Inits the Kedro tasks ordered topologically in groups, which implies that an earlier group
is the dependency of later one.
Args:
pipeline_name (str): The pipeline name to execute
execution_config (Union[None, Dict[str, Union[DataCatalog, str]]], optional):
The required execution config for each node. Defaults to None.
Returns:
List[List[Callable]]: A list of topologically ordered task groups
"""
pipeline = pipelines.get(pipeline_name)
execution_layers = []
# Return a list of the pipeline nodes in topologically ordered groups,
# i.e. if node A needs to be run before node B, it will appear in an
# earlier group.
for layer in pipeline.grouped_nodes:
execution_layer = []
for node in layer:
# Use a function for task instantiation which avoids duplication of
# tasks
task = instantiate_task(node, execution_config)
execution_layer.append(task)
execution_layers.append(execution_layer)
return execution_layers
def kedro_task(
node: Node, task_dict: Union[None, Dict[str, Union[DataCatalog, str]]] = None
):
run_node(
node,
task_dict["catalog"],
_create_hook_manager(),
task_dict["sess_id"],
)
def instantiate_task(
node: Node,
execution_config: Union[None, Dict[str, Union[DataCatalog, str]]] = None,
) -> Callable:
"""
Function that wraps a Node inside a task for future execution
Args:
node: Kedro node for which a Prefect task is being created.

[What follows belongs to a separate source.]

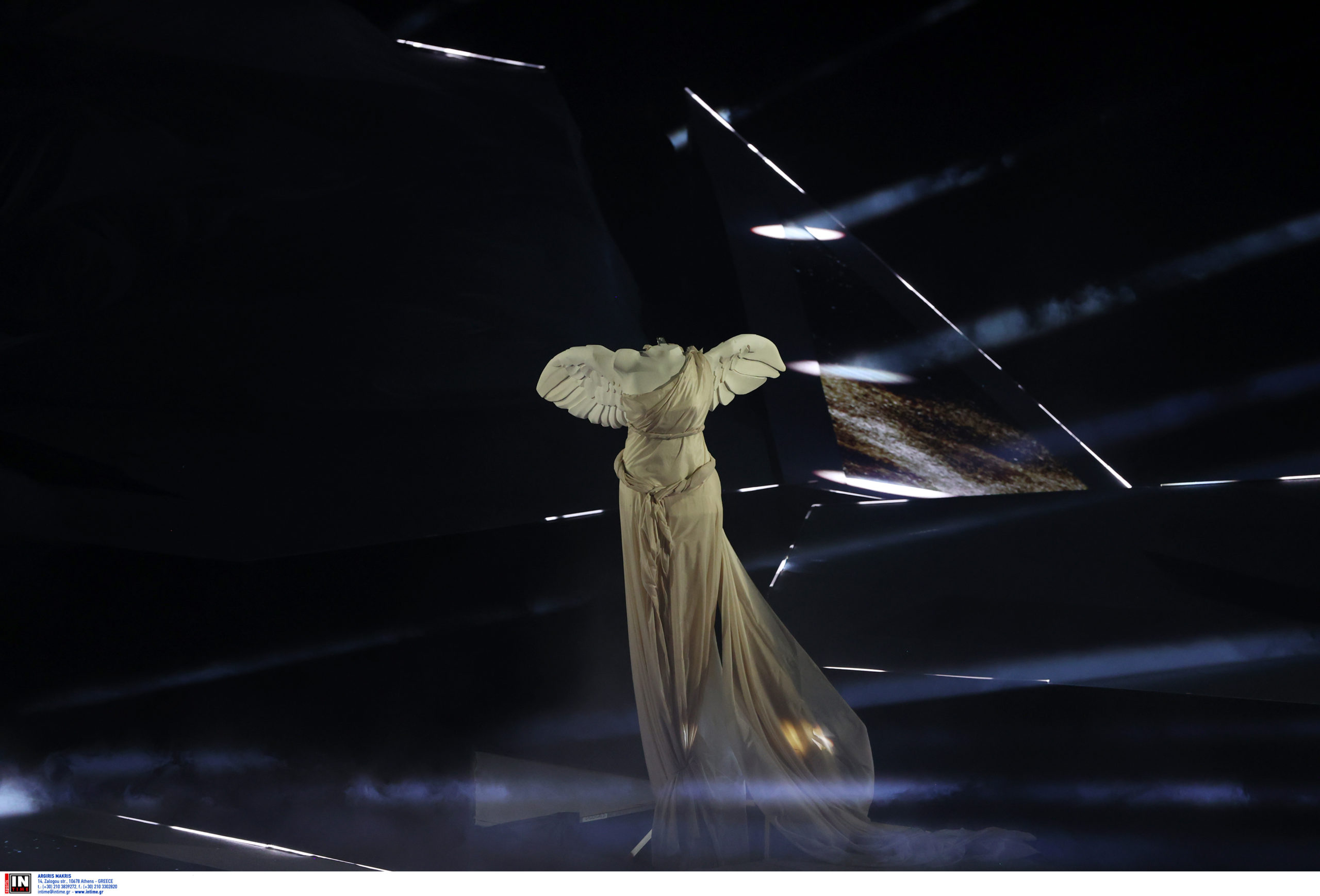 Ολυμπιακοί Αγώνες 2024 τελετή λήξης Νίκη της Σαμοθράκης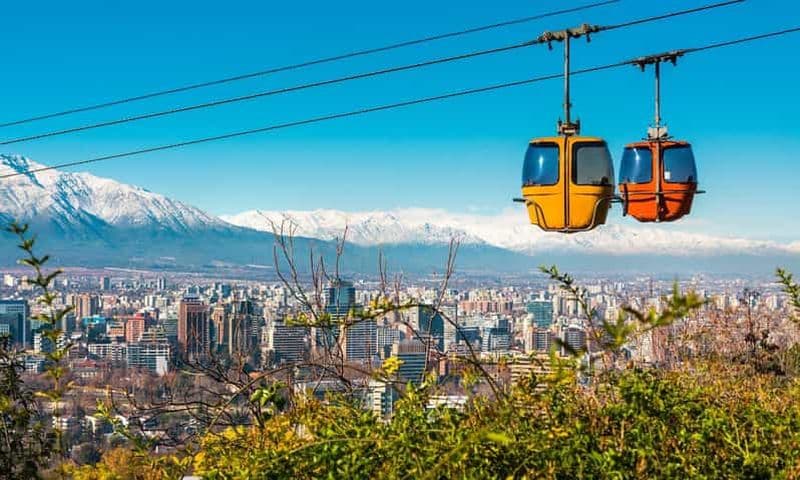 Santiago : visite à pied, funiculaire et téléphérique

execution_config: The configurations required for the node to execute
that includes catalogs and session id
Returns: Prefect task for the passed node
"""
return task(lambda: kedro_task(node, execution_config)).with_options(name=node.name)
if __name__ == "__main__":
prefect_deploy()
然后,在其他终端运行部署脚本:
python register_prefect_flow.py --work_pool_name <work_pool_name> --work_queue_name <work_queue_name>
注意
请确保您的Prefect服务器已启动并运行。验证部署脚本参数是否与工作池和工作队列名称匹配。
运行Prefect流程¶
现在,流程已注册完成,您可以使用Prefect Server UI来编排和监控它。
访问 http://localhost:4200/deployments 查看您已注册的流程。

点击流程图将其打开,然后使用“运行”>“快速运行”按钮触发流程,并保持参数为默认值。如需运行特定管道,可以替换__default__值。
注意
请确保您的Prefect Server和Agent都在正常运行。